Japan’s export growth slows as global downturn risks loom
TOKYO – Japanese exports grew for a second straight month in October but at a sharply slower pace due to slumping China-bound shipments of chips and steel, as weakening external demand takes its toll on the trade-reliant economy.
Weak exports have complicated Japan’s efforts to spur economic growth as sluggish domestic demand weighs on the post-pandemic recovery.
With the absence of growth drivers, some economists warn Japan could fall into a technical recession, defined as two straight quarters of contraction.
Japan’s economy fell in July-September, snapping two straight quarters of expansion on soft consumption and exports, data showed on Wednesday.
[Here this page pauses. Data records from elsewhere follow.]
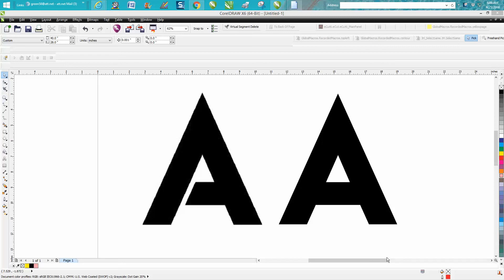Hi, it's me again with CorelDraw Tips and Tricks. Somebody sent me a logo with this letter A in it. They asked me not to show the rest of the logo. I don't really know why, but it doesn't matter.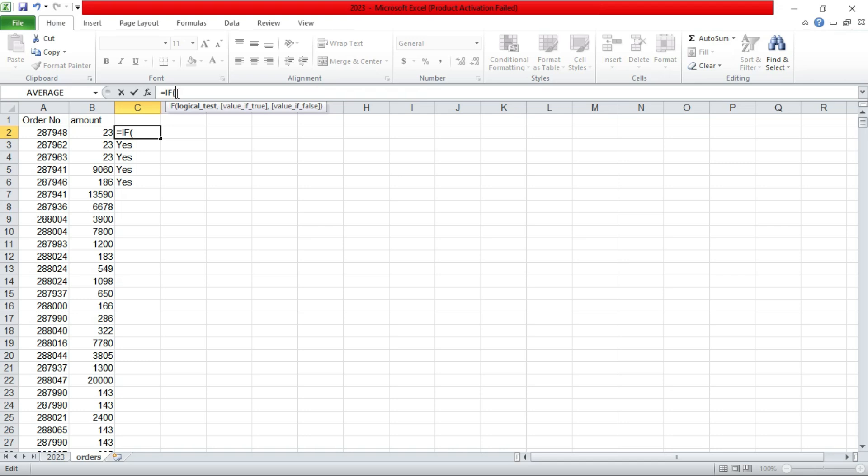Let's say we want to get all the numbers. Let's take an example with the amounts. Let's say we want all numbers greater than 10,000.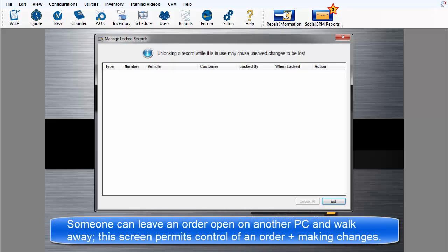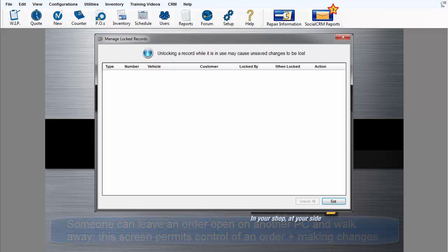Because someone can leave an order open on another workstation and walk away, this screen provides a method to provide exclusive control of an order allowing the user to make and save changes.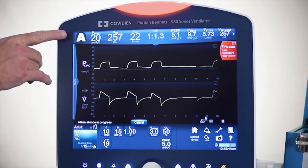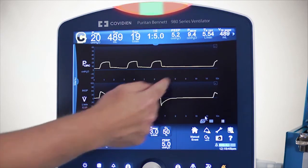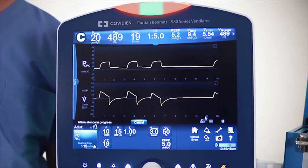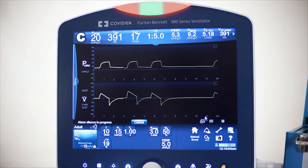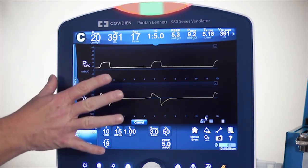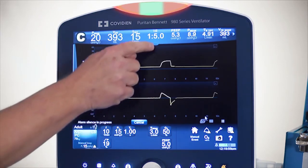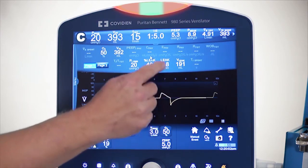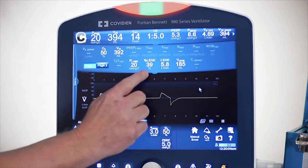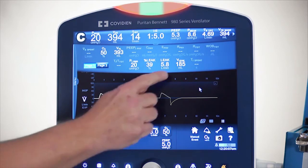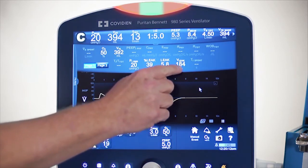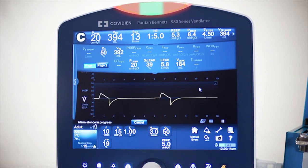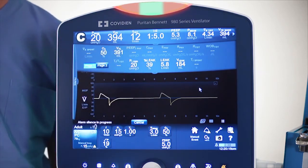You can see that the machine has stopped auto-triggering. Within about two to three breaths, it captures the leak and reduces the amount of auto-triggering. Once it's captured the leak, I can look at some displayed values. Pulling down this screen, I can see that the percent leak is 39%, the total leak is 5.8 liters per minute, and the actual leak amount per breath is 184 milliliters. Leaks can change, so I'm going to simulate a change — a pretty significant leak.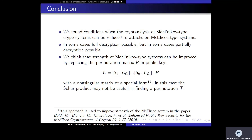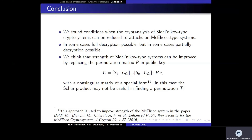As a result of our work, we found conditions under which cryptanalysis of the Sidelnikov-type system can be reduced to attacks on McEliece systems. In some cases, full decryption is possible, but in other cases only partial decryption is possible. We believe the strength of these systems can be improved by replacing the permutation matrix P with a non-singular matrix, because in such a case the Schur product becomes useless for finding permutation T. Thank you, that's all.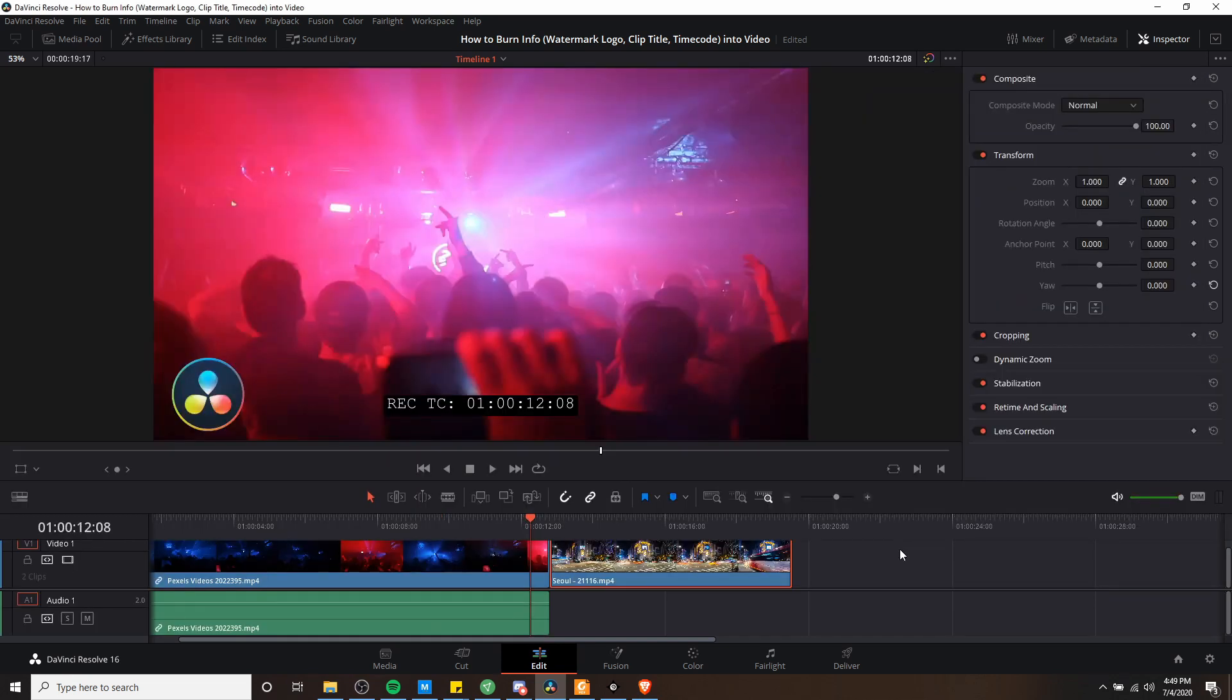So in a nutshell, that is how you can use DaVinci Resolve in order to burn info such as a watermark, a clip title, or time codes into your videos. So I've been Chris, thanks for watching, and I will see you guys in my future video content.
Exports rose 1.6 percent in October from a year earlier, Ministry of Finance data showed on Thursday.
That was faster than a 1.2-percent increase expected by economists in a Reuters poll, but slower than the 4.3 percent rise in September.
By destination, exports to China, Japan’s largest trading partner, fell 4 percent year-on-year in October, posting 11 straight months of declines.
Exports to the United States, Japan’s key ally, rose 8.4 percent in the year to October, as demand for hybrid vehicles and mining and construction machinery helped drive the value of U.S.-bound shipments to its largest on record.
Imports fell 12.5 percent in the year to October, versus the median estimate for a 12.2- percent decrease.
The trade balance came to a deficit of 662.5 billion yen ($4.38 billion), versus the median estimate for a 735.7 billion yen deficit.